Recorded data -
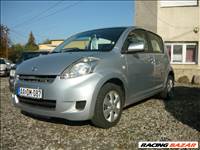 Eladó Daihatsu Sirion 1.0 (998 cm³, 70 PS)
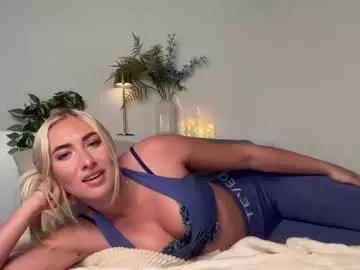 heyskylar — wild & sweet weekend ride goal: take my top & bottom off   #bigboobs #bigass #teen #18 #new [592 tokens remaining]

---

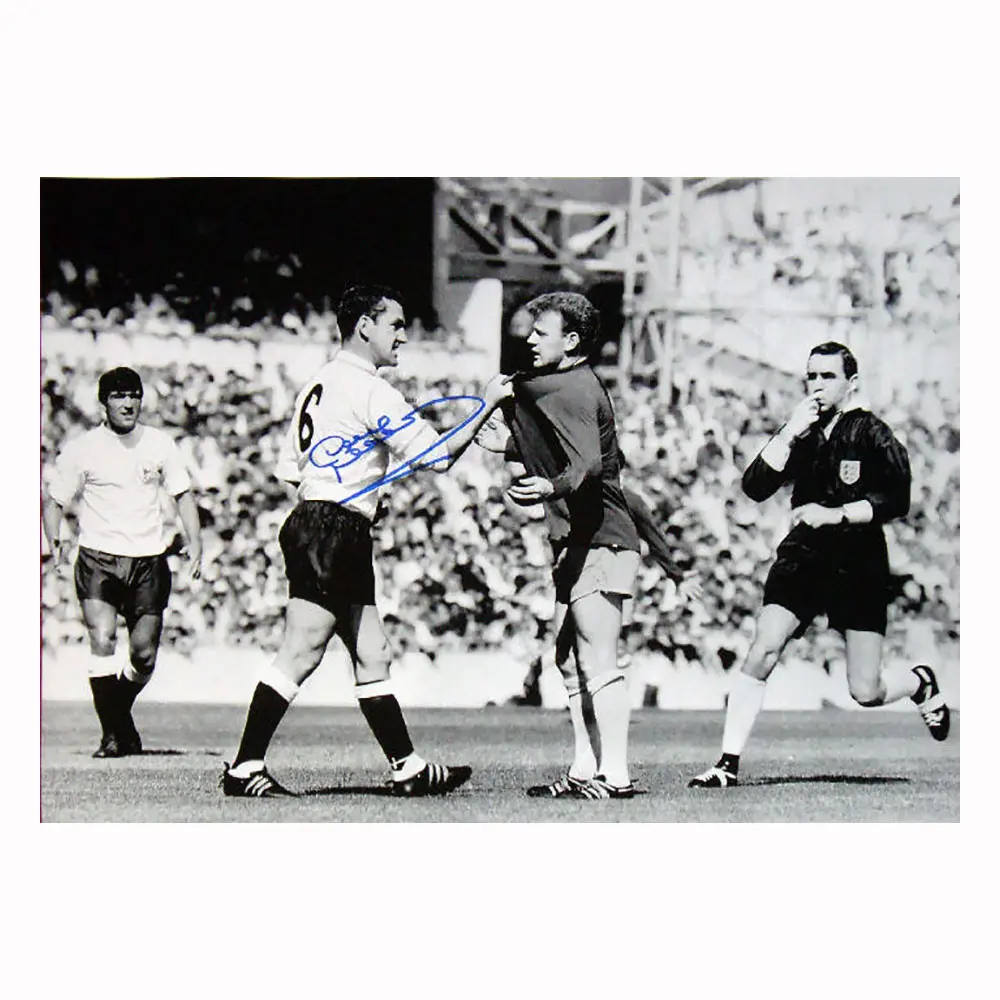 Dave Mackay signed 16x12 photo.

Task statement -
Transcribe, exactly and without pictures, everything in the data from the line with "Eladó Daihatsu Sirion 1.0 (998 cm³, 70 PS)" down to the line with "heyskylar — wild", both included.

Task answer -
 Eladó Daihatsu Sirion 1.0 (998 cm³, 70 PS)
 heyskylar — wild & sweet weekend ride goal: take my top & bottom off   #bigboobs #bigass #teen #18 #new [592 tokens remaining]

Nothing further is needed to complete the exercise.